The only thing that kept me going through to the end was the forlorn hope that the main character, Danny, would get killed by the "haters." Sadly, it was not to be. Like many other reviewers noted, Danny and his wife are adult children, no more responsible than their three real children. Danny whines and complains about EVERYTHING. He says he loves his wife and kids - then launches into a diatribe about them "pissing me off" and "I'm losing my patience." The book is constant repetition of this "woe is me" theme until the end, when Danny changes. Then it's constant repetition on why what he's doing is so right and natural.

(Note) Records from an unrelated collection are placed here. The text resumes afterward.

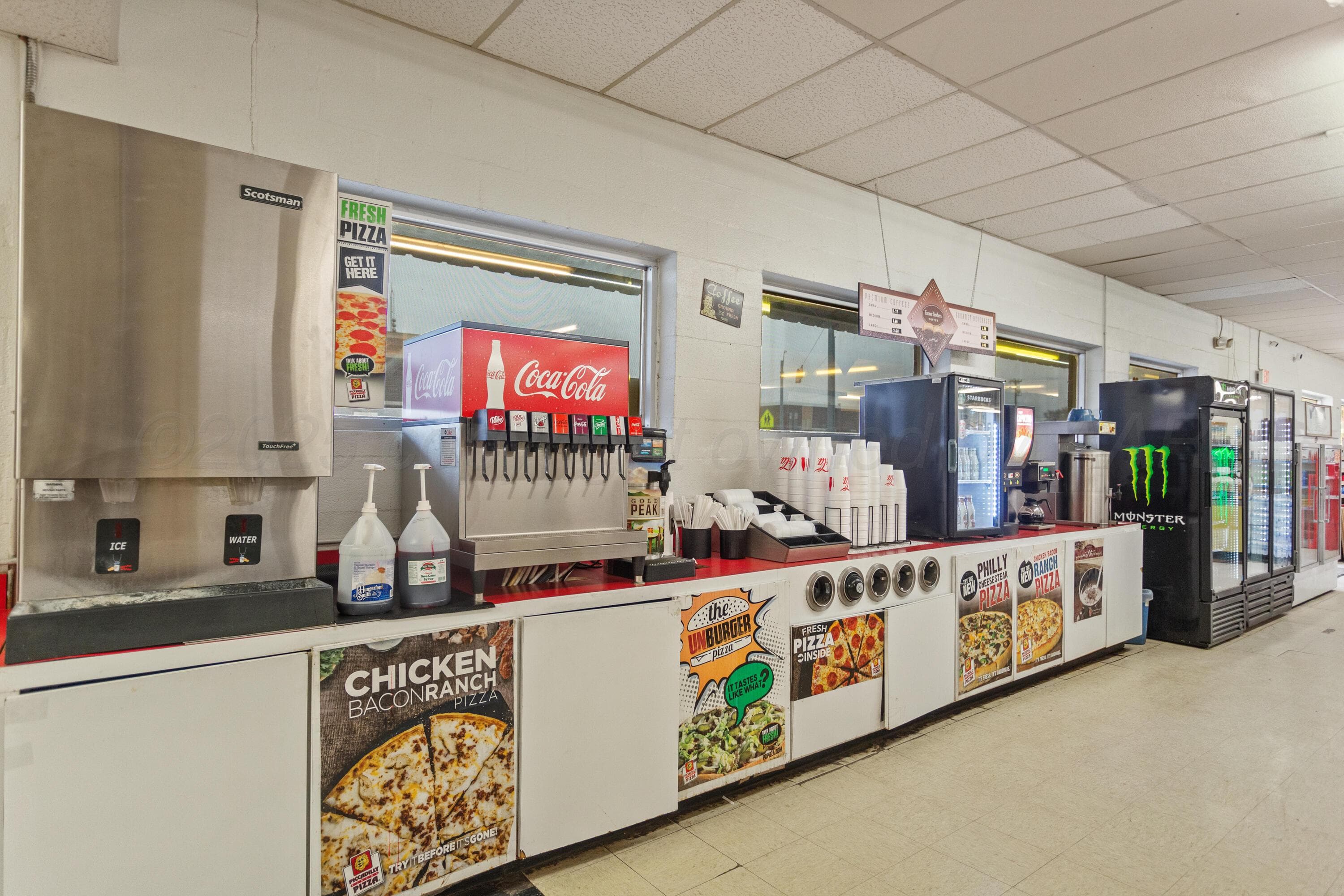 105 E COMMERCIAL Street, Miami, TX 79059, photo 14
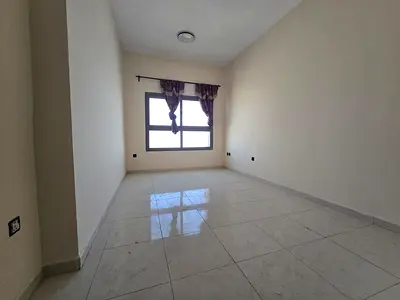 للإيجار السنوي شقة في مدينة الامارات عجمان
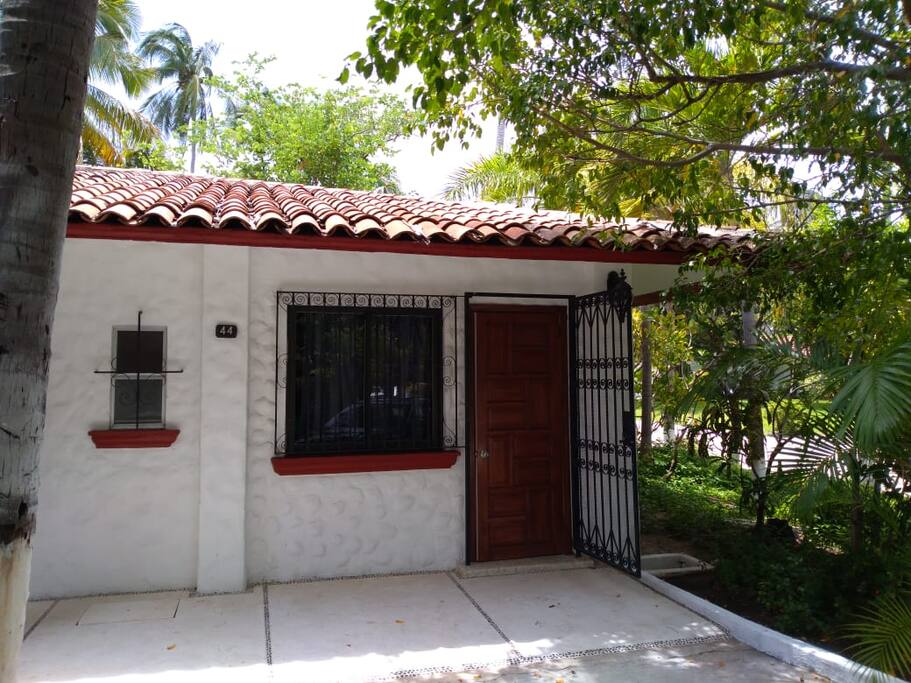 Entrada al Oasis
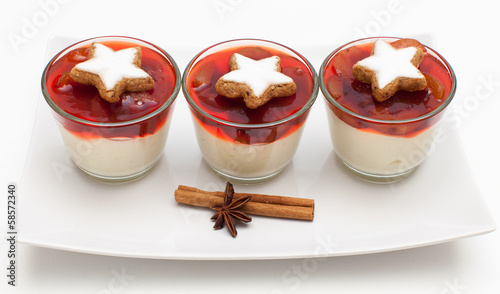 Weihnachtsdessert mit Zimtsternen photo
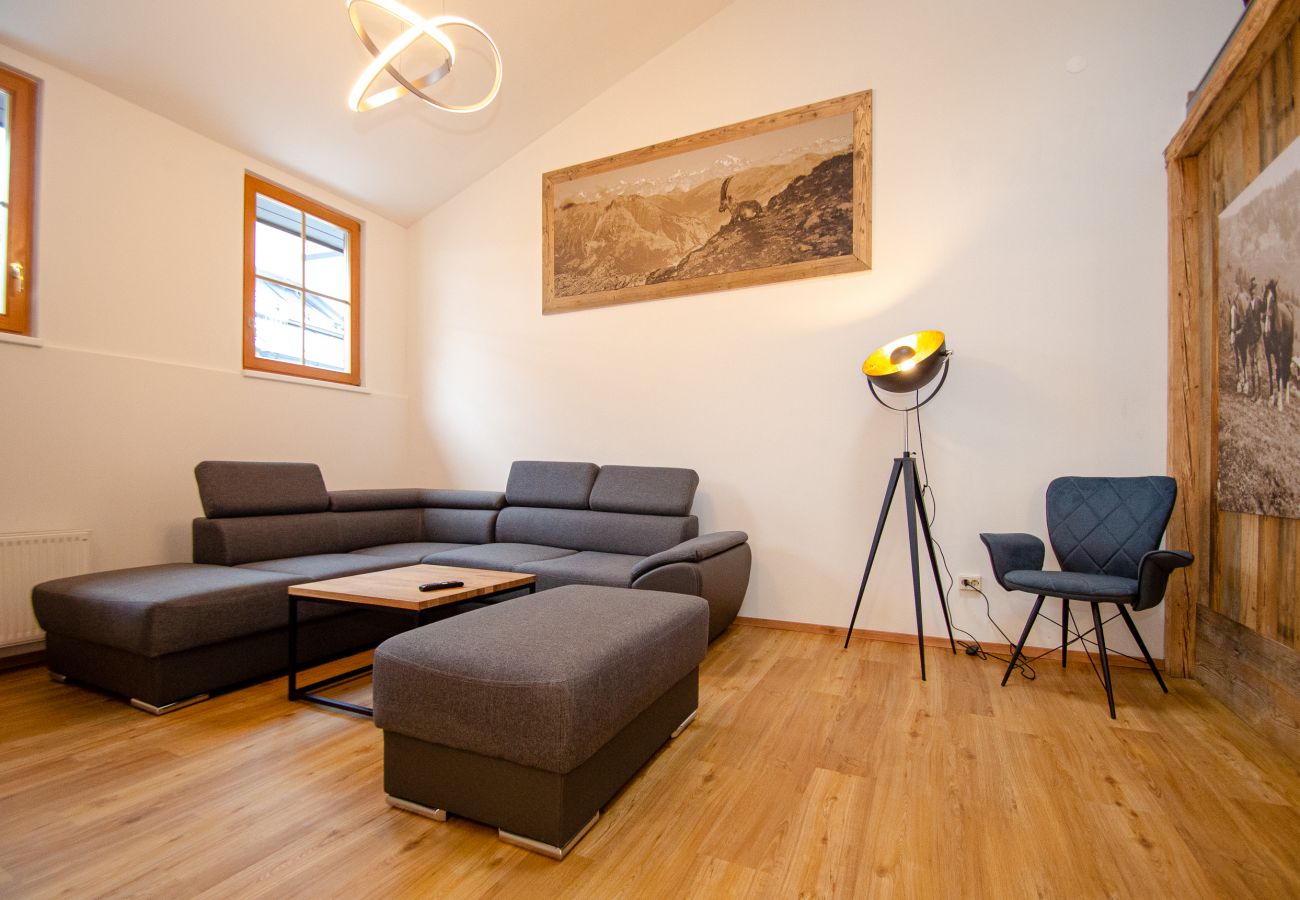 Ferienwohnung in Zell am See - Penthouse Maisonette Zell City - 150m from skilift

********SPOILER, SORT OF************
Most novels revolve the main character recognizing a flaw in their character and the situation of the story forcing them to confront that flaw and change for the better. "Haters" does the opposite. Danny is eventually given free reign to his displeasure with society and his family. Problem is the rationale is so weak that there is no explanation as to what the "haters" are or why they feel threatened by the "others." They kill because "it's kill or be killed" but Moody gives no example where one of the "others" attempts to kill a "hater" first. The Haters are the instigators. True, the government begins rounding up haters for extermination, but since Haters kill non-haters on sight what choice is there? Moody, I think, attempts, I think, to make Danny a sympathetic character, but fails by not explaining the unreasonable fear Haters have of the "others." I made it to the end and was presented by a "to be continued," no thanks.